**WORK INSTRUCTION:** Could you repeat exactly the lines from the one containing "Astrophysics at JILA" through the last line of the records, with no pictures?

*** Opening AVAILABLE DATA ***

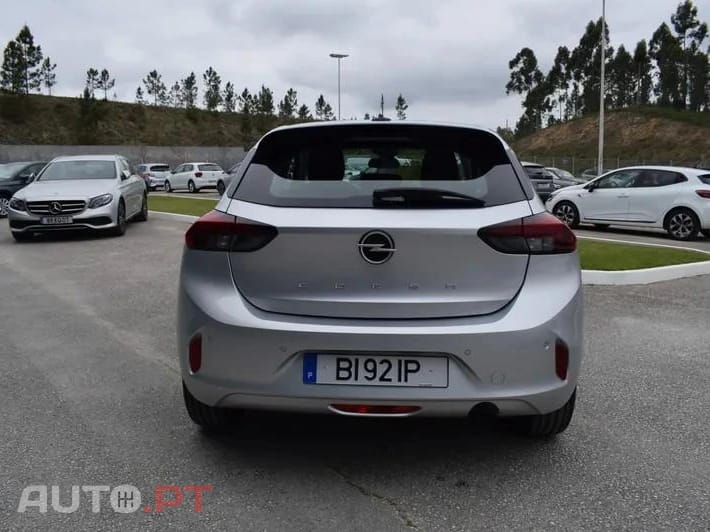 Opel Corsa 1.2 T Elegance Aut.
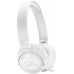 Навушники з мікрофоном JBL T600BT White (T600BTNCWHT) — інтернет магазин All-Ok. фото 2
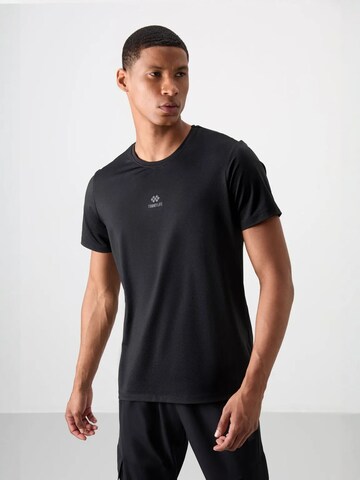 Tommy Life Shirt in Black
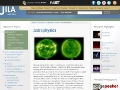 Astrophysics at JILA
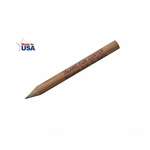 Customized Pencils - Natural Round Golf Pencil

*** Closing AVAILABLE DATA ***

**SOLUTION FOR THIS TASK:**
 Astrophysics at JILA
 Customized Pencils - Natural Round Golf Pencil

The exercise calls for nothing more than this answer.